Insight: Only two constituencies which have electors strength less than one lakh.

Task 9: Plot a pie chart with the top 10 parties with majority seats in the elections

In [48]:
# Candidates with 1st position in their respective constituiency
all_winners = candidate_2009[candidate_2009.Position ==1].Party_Abbreviation.value_counts()
top_10_winners = all_winners[:9] 
# count of other regional parties
top_10_winners['Others'] = all_winners.sum() - top_10_winners.sum()
# Pie chart
top_10_winners.plot.pie(autopct='%.f%%', 
                        figsize=(10,10), 
                        title='Top 10 parties with majority seats')
plt.legend(loc='upper right')
plt.ylabel('')
plt.show()

Insight: INC have won almost 38% of the total seats followed by BJP with 21% seats.

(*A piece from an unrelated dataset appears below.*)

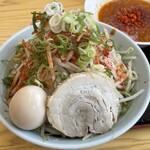 ラーメン もっけだの - 『旨辛つけ麺 炎山ニンニクヤサイマシマシ+味玉(スクラッチクーポン)』の麺、トッピング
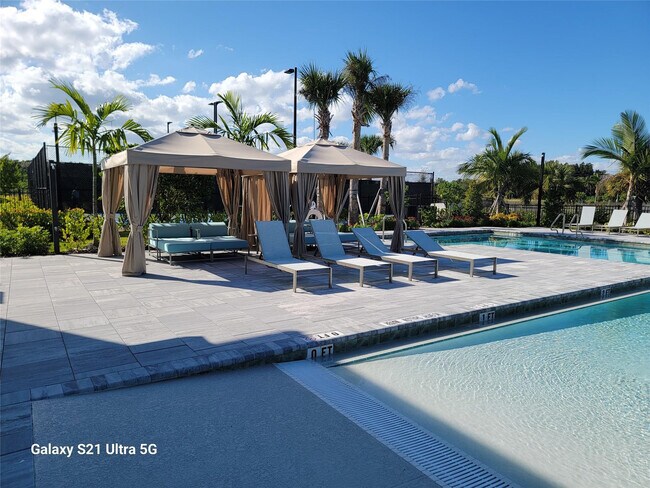 Building Photo - 8433 Beagle Ter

Task 10 : Plot a pie diagram for top 10 states with most number of seats

In [47]:
# Top 9 states with maximum number of seats
top_10_seats = electors_2009.STATE.value_counts()[:9]

# Sum of other states
top_10_seats['Others'] = electors_2009.STATE.value_counts().sum() - top_10_seats.sum()

# Function to convert percentages into actual values
def autopct_format(values):
    def my_format(pct):
        total = sum(values)
        val = int(round(pct*total/100.0))
        return '{val:d} ({pct:.0f}%)'.format(val=val,pct=pct)
    return my_format

# PLotting the pie chart
top_10_seats.plot.pie(autopct=autopct_format(top_10_seats.values), 
                      figsize=(10,10), 
                      title="Top 10 States with most number of seats")
plt.ylabel('')
plt.show()

Insight: Uttar Pradesh has the highest number of seats (80 or 15%) followed by Maharashtra (48 or 9%).